For the full story of the Hoosac Tunnel’s construction, visit jkrails.net.
There were many problems connected with the construction of the Hoosac Tunnel. At the east end, progress was very slow. The black blasting powder of the day was no match for the hard, metamorphic rock. The west end’s soft, saturated soil would flow as soon as the miners scooped it. One worker likened it to “shoveling eels.” The east end was conquered by time and technology; the west end by backs and bricks.
It was finally decided that the best way to attack the West side of Hoosac Mountain was to dig a 500-foot-long trench, construct a brick invert “tub,” topped by a brick arch, forming a tube six to eight bricks thick, which was then backfilled with soil. Estimates are 20,000,000 bricks line the tunnel; all of them were made on-site.
Subsurface water was a major problem. The solution was to dig a series of wells along the tunnel line to monitor soil conditions and draw out huge volumes of water.
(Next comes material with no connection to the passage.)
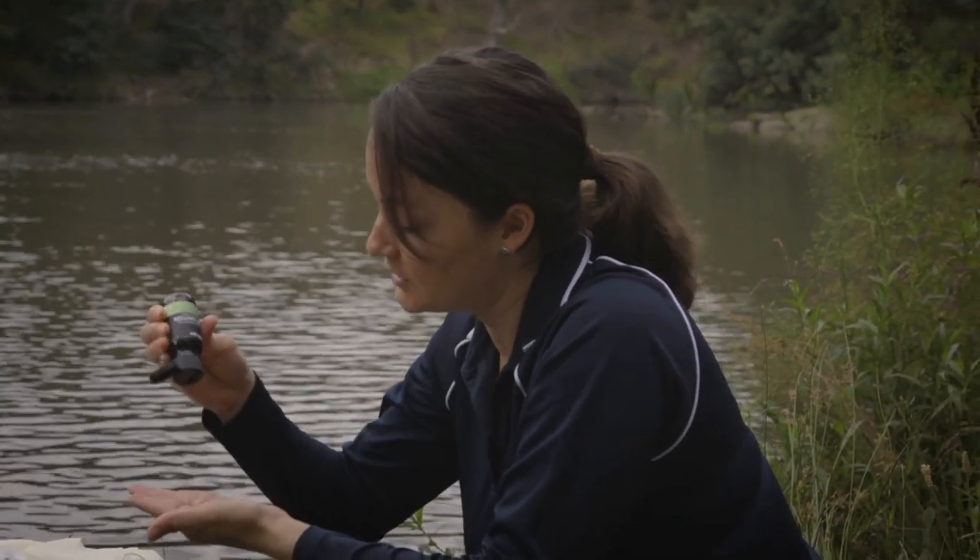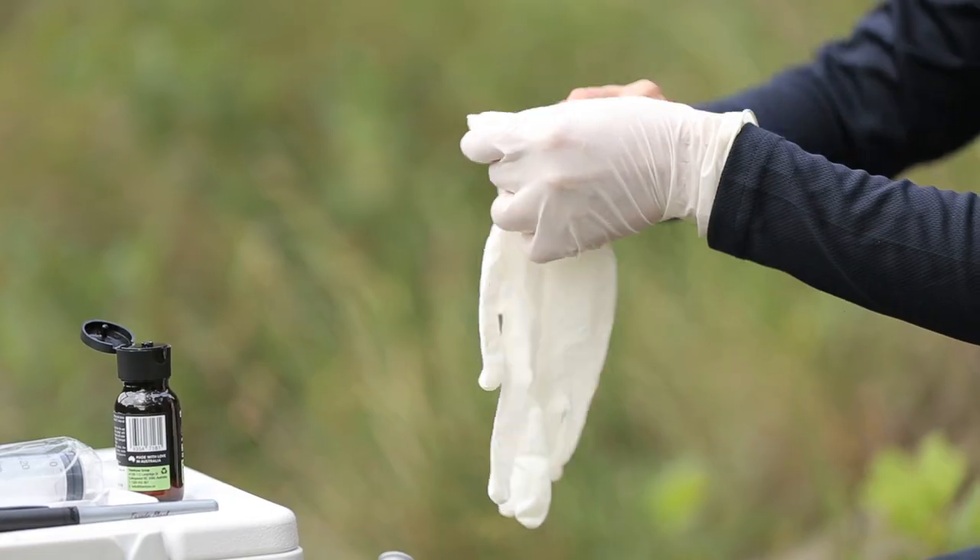We need to make sure we don't contaminate the sample in any way. To do this, we use hand sanitiser to clean our hands before we put our gloves on.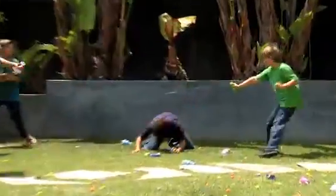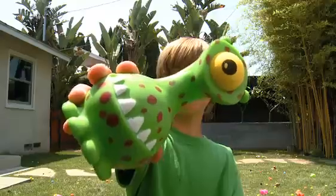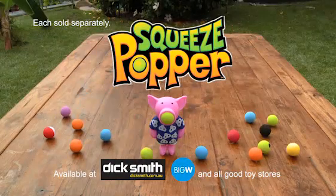Soft foam balls pop up to six metres. Pop them indoors and pop them outdoors. You can pop till you drop with Squeeze Poppers!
Mother Nature released a torrent on Sunday October 3, 1869. The storm was estimated to have dumped six inches of rain on the area. The natural brook that crossed over the tunnel (and still does today – Ed.) overflowed, and filled the tunnel with water, sand and rocks — behind the mining gang. Almost all of the miners reached the wells and climbed to safety. One man was lost to the torrents.
It took three weeks to remove the storm debris, but the brick tube survived in good shape. To further maximize drainage, engineers built flagstone drains outside of the tube, and inside just under the centerline below the tracks. Nonetheless, water clearly has been an ongoing problem for the tunnels West end up to the present day.
As the bore was extended into the mountain, logs were driven into the wet soil, and covered with boards to hold back the earth. The tube progressed for 883 feet to where soil stable enough to support the brick arch without the bottom invert, was found.